With SQL DB, all of this logic would have needed to be baked into the application. But, with Dgraph, the query language is so powerful that it can all be generated right within the database: doing recursions, computing counts, putting them to generate scores and then sort by these scores. This cuts down heavily on the application code, letting a developer focus on the feature set and the best way to render the data. And that’s powerful!

Full Text Search

Dgraph also supports regular expression and full-text search in many languages. You can create an index on string edges, to achieve this. In this case, we created a full-text index on the Text edge.

Text: string @index(fulltext) . line from schema.txt.

{
  var(func: anyoftext(Text, "${searchQuery}")) @cascade {
  # All Version nodes which have any of the text in search query.
    p as Post {  # Retrieve their Post, assign it to variable p.

      # Pick the latest Version of the Post and check that it does have the search query. This is a bit of a shuffle and can be avoided by having a direct link from Post to its latest version.
      ~Post(orderdesc: Timestamp, first: 1) @filter(anyoftext(Text, "${searchQuery}"))
    }
  }

  # Pick the first 25 such posts.
  posts(id: var(p), first: 25) {
    _uid_

    Type

    question: ~Has.Answer {  # If this post is an answer, retrieve the question by traversing the Has.Answer edge in reverse.
      _uid_
      Title {
        Text
      }
    }

    Title { # Title Version would be present if this Post if Question.
      Text
    }
    Body {  # Body Version would be present if this Post is Answer.
      Text
    }

    # The rest of the fields are as explained before, and are from the perspective of the question Post node.
    Owner {
      DisplayName
      Reputation
      _uid_
    }
    Tag {
      TagName: Tag.Text
    }
    Chosen.Answer {
      Owner {
        DisplayName
        Reputation
        _uid_
      }
      Timestamp
    }
    UpvoteCount: count(Upvote)
    DownvoteCount: count(Downvote)
    AnswerCount: count(Has.Answer)
    ViewCount
    Timestamp
  }
}

Summary

In this post, we showed you how a SQL schema compares against the equivalent schema in Dgraph, basing our analysis on Stack Overflow data. We then picked pages from Stack Overflow and showed you queries to retrieve all the data necessary to render those pages.

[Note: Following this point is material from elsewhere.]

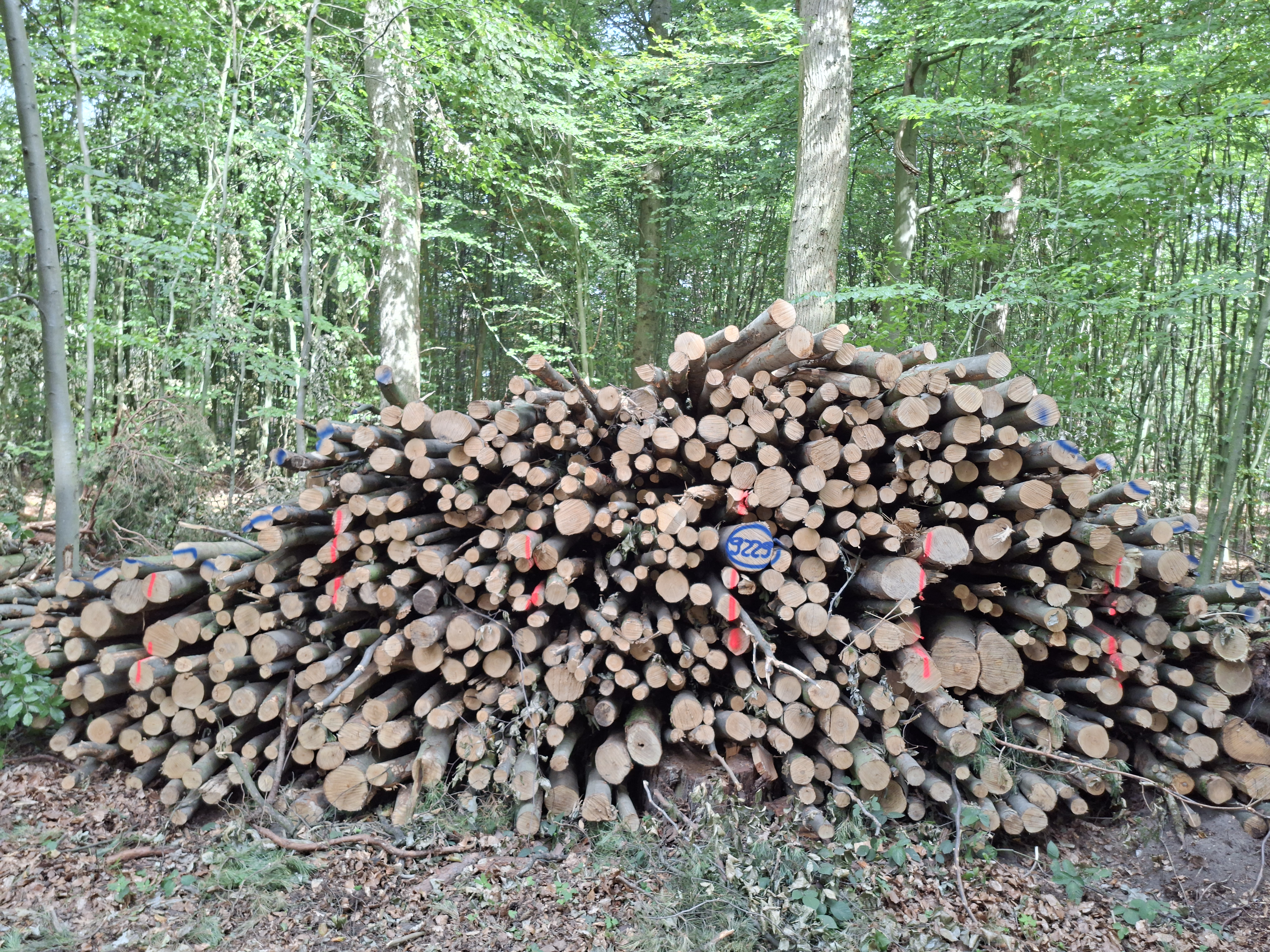 Buche, Polter-Nr. 9229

As you can see, Dgraph schema is significantly simpler than SQL, utilizing zero or little schema hacks, pre-computation or duplication of data. Also, Dgraph query language is way more powerful than SQL, handling most of the complexity of recursive data retrieval, ranking and sorting within the database, allowing the application to focus solely on the feature set and rendering of data.

Dgraph being a graph database provides sparsely populated fields and easy schema manipulation, which allows developers to modify data types as they iterate over their application, removing the need to do complex upgrades of the entire system.

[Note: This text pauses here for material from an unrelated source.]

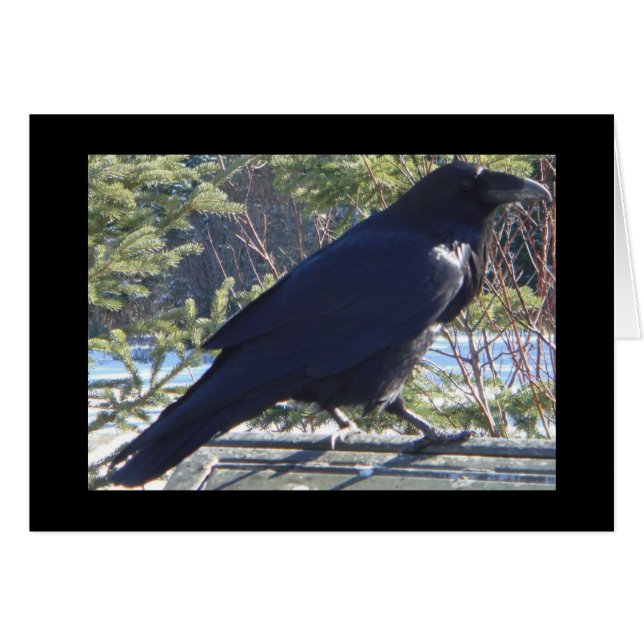 Der Raven (Vorderseite (Horizontal))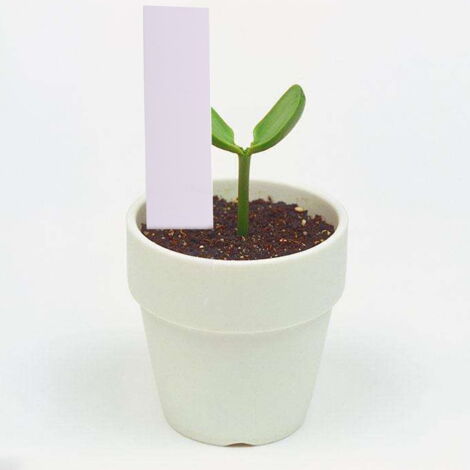 Étiquettes De Jardin De Type T, étiquettes De Tri Des Plantes, Panneau De Tri, Carte De Marquage En Plastique Etanche Etiquettes De Plantes De Pepiniere De Graines De Fleurs 100 Pieces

Not only that, Dgraph makes it a lot faster for developers to iterate. Modifying Dgraph queries is a lot cheaper operation for a developer, than modifying the backend code; and Dgraph provides a nice UI to allow for this.

Finally, Dgraph supports regular expressions, term matching, full-text search and equality matching for string types. All Dgraph edges are unidirectional, but Dgraph allows you to specify creating reverses automatically, to aid in data retrieval. It also supports indexing various other data types, like int, float, datetime, etc.; very useful to build applications today.

Overall, this post sheds light on why we think a graph database like Dgraph is a better choice for developers today. It simplifies the data model, significantly cuts down on the backend code, and allows faster iteration.

All the data generation, querying and rendering code is located at Dgraph’s Graph Overflow repository. Dgraph query language spec is located here. Graph overflow site is still a work in progress, and we’ll put it up at dgraph.io soon.